Tuesday 19 February 2013

Missing or murdered indigenous women and girls

[...]Michèle Audette, president of the Native Women’s Association of Canada (NWAC) states that, “it is incredible that the RCMP is publicly doubting the number of missing and murdered Aboriginal women and girls that has been documented in the Native Women’s Association of Canada’s Database!
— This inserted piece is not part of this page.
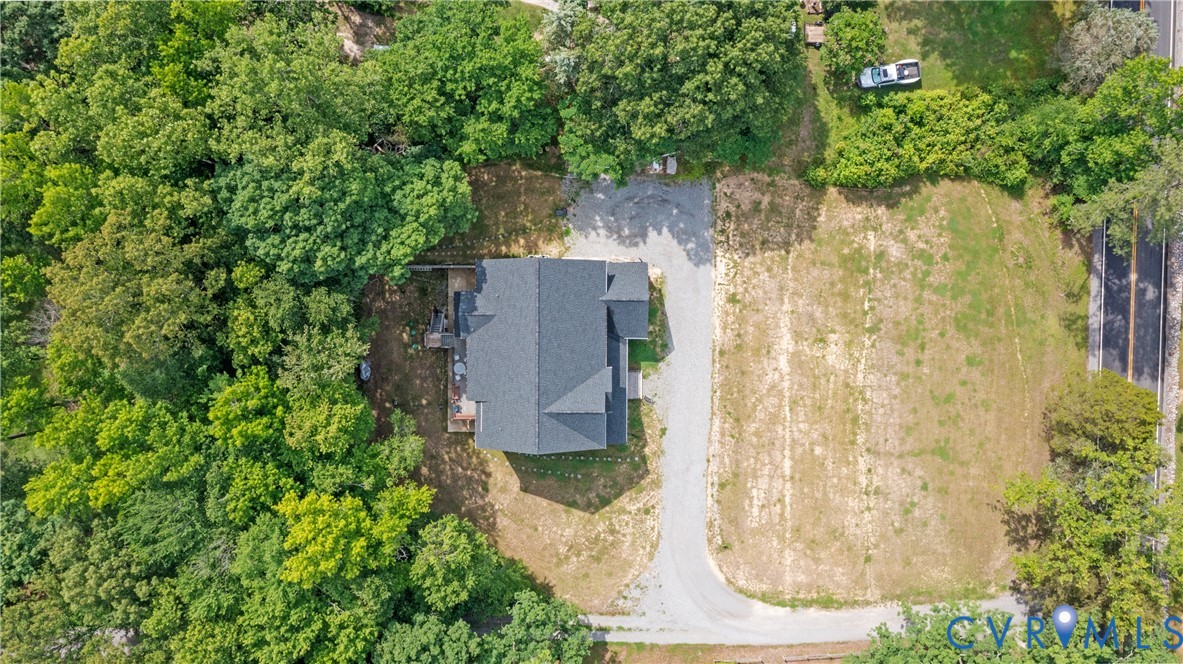 12554 Kain Road Glen Allen, VA 23059 - Photo 71 of 75 an aerial view of a house with a yard and large trees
The high number of missing and murdered Aboriginal women and girls that has been documented was based on accurate secondary source information that in many instances came directly from police reports that had further been corroborated by NWAC researchers with various police agencies.

NWAC collected and developed the Database of Missing and Murdered Aboriginal women and girls between 2005 and 2010 through the Sisters In Spirit initiative, which was based on cases that were in the public domain. “Anyone can collect this information, it is there, but what is unique is that NWAC went beyond this general collection and spoke directly with many families of missing and murdered Aboriginal women and girls and was able to augment the data to better determine what the needs and gaps are in terms of service delivery, programming, and policy services. I invite you to educate yourself, your family, friends and community, and visit the NWAC website and see the research for yourself,” said NWAC President Audette.
From here.

Last week Human Rights Watch released its report on the "Highway of Tears".
The Royal Canadian Mounted Police in northern British Columbia has failed to protect indigenous women and girls from violence, Human Rights Watch said in a report released today. Women and girls Human Rights Watch interviewed also described abusive treatment by police officers, including excessive use of force, and physical and sexual assault.
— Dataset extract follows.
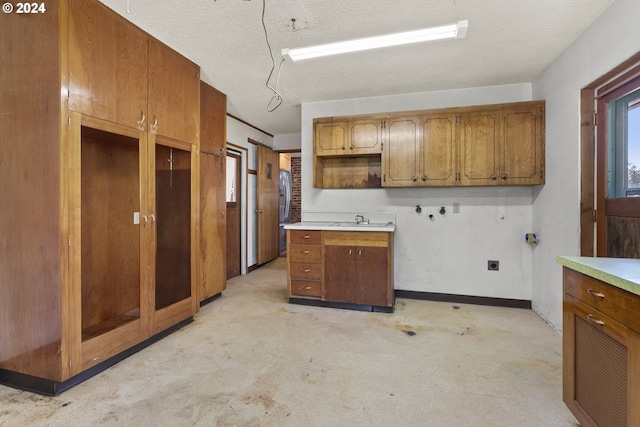 kitchen featuring light carpet, sink, and a textured ceiling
The 89-page report, “Those Who Take Us Away: Abusive Policing and Failures in Protection of Indigenous Women and Girls in Northern British Columbia, Canada,” documents both ongoing police failures to protect indigenous women and girls in the north from violence and violent behavior by police officers against women and girls. Police failures and abuses add to longstanding tensions between the [...] RCMP and indigenous communities in the region, Human Rights Watch said. The Canadian government should establish a national commission of inquiry into the murders and disappearances of indigenous women and girls, including the impact of police mistreatment on their vulnerability to violence in communities along Highway 16, which has come to be called northern British Columbia’s “Highway of Tears.”

“The threat of domestic and random violence on one side, and mistreatment by RCMP officers on the other, leaves indigenous women in a constant state of insecurity,” said Meghan Rhoad, women’s rights researcher at Human Rights Watch. “Where can they turn for help when the police are known to be unresponsive and, in some cases, abusive.”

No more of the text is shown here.